The historical legacy of social capital theorists is much less forgiving. By utilizing theories of domesticated social capital (those that eschew a relationship to political economy), intellectual cover was provided to some of the worst policies of neoliberalism. To be fair, Putnam disagrees with the relationship drawn between social capital and neoliberalism.2 But that did not stop the World Bank from utilizing measures of social capital to legitimize privatization.3 In the geopolitical sphere, social capital has been used as a measure to determine “weak” or “failing” states.4 Following Bill Clinton’s lead, former UK Prime Minister Tony Blair even cited Putnam’s work when introducing New Labour policies.5 These conceptions of social capital reflect an inability to seriously grapple with the instability and suffering produced by neoliberal reform and late capitalism.6
It’s no surprise then that Putnam only briefly mentions some of the economic realities behind his community studies. Port Clinton saw the death of manufacturing. Bend, Oregon, suffered from a huge loss of jobs in the logging industry. His discussion of schools only briefly mentions the struggle of inner-city schools over tightening budgets due to fiscal austerity. And when discussing private for-profit colleges and their bogus degrees, there is only a brief musing on the predatory nature of for-profit institutions.
All this is not to say that Putnam is flat-out wrong. His findings are obviously important, and the variables that he discusses in the social lives of his respondents are related in some way. But it is myopic to think that this transformation has come out of nowhere. The phenomena Putnam is talking about are symptoms of inequality, an inequality that is economic, the result of a class-based political project forged for the interests of a particular class, by a particular class. Putnam’s work is important in showing us the human cost of such a project and the shaping of the underclass that is the harbinger of a new gilded age. However, his focus is too limited for helping us engage in the political struggle needed to oppose it.
1. All figures from Saez, Emmanuel, “Striking it Richer: The Evolution of Top Incomes in the United States.”
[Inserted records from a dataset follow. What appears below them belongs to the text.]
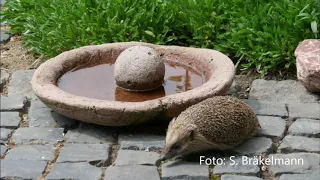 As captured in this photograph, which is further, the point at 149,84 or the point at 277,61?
the point at 277,61

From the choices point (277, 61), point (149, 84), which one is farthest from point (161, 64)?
point (277, 61)

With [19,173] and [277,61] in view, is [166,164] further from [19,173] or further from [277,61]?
[277,61]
2. OECD Observer, “Bowling Together.”
3. Sheoli Pargal, Mainul Huq, and Daniel Gilligan, “Does social capital increase participation in voluntary solid waste management? Evidence from Dhaka, Bangladesh,” in Christiaan Grootaert and Thierry van Bastelaer (eds.), The Role of Social Capital in Development (Cambridge University Press, 2002), 205.
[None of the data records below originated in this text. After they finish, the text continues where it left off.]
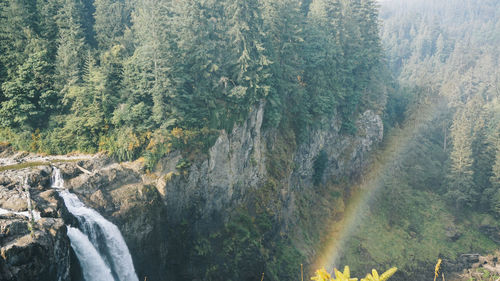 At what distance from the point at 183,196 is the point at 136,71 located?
11.9m

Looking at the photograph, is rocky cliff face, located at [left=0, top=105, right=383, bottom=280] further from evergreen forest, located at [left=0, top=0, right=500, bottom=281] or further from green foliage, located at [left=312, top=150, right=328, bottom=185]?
green foliage, located at [left=312, top=150, right=328, bottom=185]

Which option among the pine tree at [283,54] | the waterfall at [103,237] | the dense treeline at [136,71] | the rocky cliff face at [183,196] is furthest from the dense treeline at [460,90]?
the waterfall at [103,237]

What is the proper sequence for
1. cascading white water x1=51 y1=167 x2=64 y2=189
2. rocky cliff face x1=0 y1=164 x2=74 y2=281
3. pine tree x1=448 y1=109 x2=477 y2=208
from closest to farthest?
rocky cliff face x1=0 y1=164 x2=74 y2=281 → cascading white water x1=51 y1=167 x2=64 y2=189 → pine tree x1=448 y1=109 x2=477 y2=208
4. F. J. Schurmann, “Social capital: the politico-emancipatory potential of a disputed concept,” Third World Quarterly (vol. 24, no. 6, 2003), 991-1010.
5. Tony Blair, “New Labour and community,” Renewal (vol. 10, no. 2, 2002), 12-13.
6. For an excellent discussion on the relationships between social capital and neoliberalism, Variant magazine has published an informative piece, “Social Capital and Neo-Liberal Voluntarism.”